Zusammenfassung
Vorliegender Rückblick untersucht die geschichtliche Entwicklung der fraktionierten Röntgentherapie im deutschsprachigen Raum bis zum Zweiten Weltkrieg. Die fraktionierte Behandlung scheint ihren Ursprung bereits mit den ersten Ansätzen der Fraktionierung durch Freund im Jahre 1896 zu haben. Die fraktionierte Strahlentherapie konnte sich in der Folge gegenüber der sogenannten Einzeit-oder Intensivbestrahlung in Deutschland nicht durchsetzen. Bis in die zwanziger Jahre hinein gab es aber immer wieder vereinzelte Versuche, die Strahlendosis aus verschiedenen Motivationen heraus über einen längeren Zeitraum zu verteilen. Erst Ende der zwanziger Jahre waren die Bedingungen für einen Aufschwung der fraktionierten Bestrahlungen im deutschsprachigen Raum günstig, vor allem da sich die Intensivbestrahlung aufgrund ihrer Mißerfolge im Niedergang befand.

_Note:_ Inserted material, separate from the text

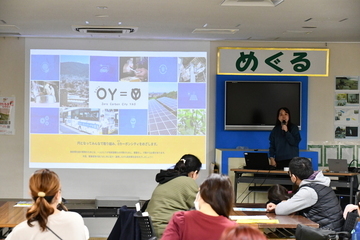 質問の答えを説明する講師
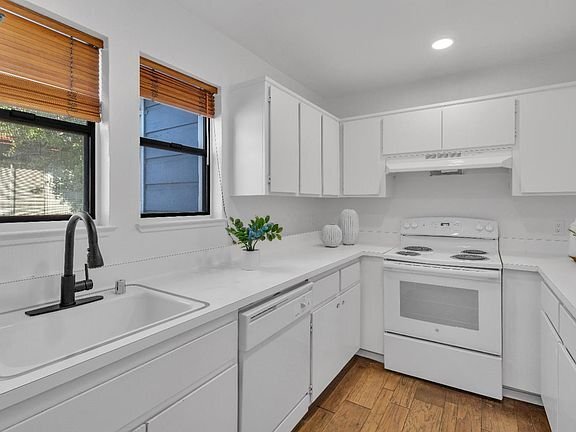 Building Photo - 2410 G St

Der Anstoß hierfür kam jedoch aus Frankreich, wo Coutard eine individuell ausgerichtete, empirische Bestrahlungsform mit großem klinischen Erfolg entwickelt hatte. Diese verbreitete sich mit ihren Modifikationen und Weiterentwicklungen rasch in Europa und Amerika. Trotz der Ähnlichkeiten der verschiedenen Fraktionierungsmethoden in den ersten Jahrzehnten unseres Jahrhunderts läßt sich in der damaligen radiologischen Literatur jedoch keine logische, wissenschaftliche Verknüpfung dieser methoden entdecken, sondern vielmehr ein Durcheinander und Überlappen von Bestrahlungsversuchen unterschiedlichster Motivierungen. Die Strahlentherapie, und damit auch die heute gebräuchliche Standardfraktionierung von 1,8 bis 2 Gy pro Fraktion fünfmal pro Woche, entstand weniger aus einer wissenschaftlichen Grundlage heraus, sondern entsprang individueller Patientenbeobachtung und empirischer Erfahrungsgewinnung.
Abstract
This review studies the historical development of fractionated X-ray therapy in the German speaking countries until World War II. Fractionated treatments appear to have their origin already in the first attempts of fractionation performed by Freund in 1896. In the following, fractionated treatments could not compete with the so-called single dose or intensive radiation treatment in Germany. However, until the 1920s there were repeated sporadic attempts of various motifs to distribute the radiation doses over a prolonged period of time. Only with the end of the 1920s the conditions for a rise of fractionated irradiation were favourable, mainly due the fiasco of the intensive treatments and their subsequent decline. The impulse for this rise, however, came from France where Coutard had developed an individual empirical treatment regimen with great clinical success. This technique and its modifications and developments spread over Europe and America fast. In spite of the similarities between the various fractionation methods used during the first decades of the century, review of the radiological literature of that time fails to show any logical scientific connection of these methods, but rather there was a mix and overlap of irradiation attempts of various motivations. Thus, radiation therapy, and thereby the current standard fractionation scheme of 1.8 to 2 Gy per fraction 5 times per week, obviously did not grow out of a scientific basis, but originated from individual observation of patients and empirical experience.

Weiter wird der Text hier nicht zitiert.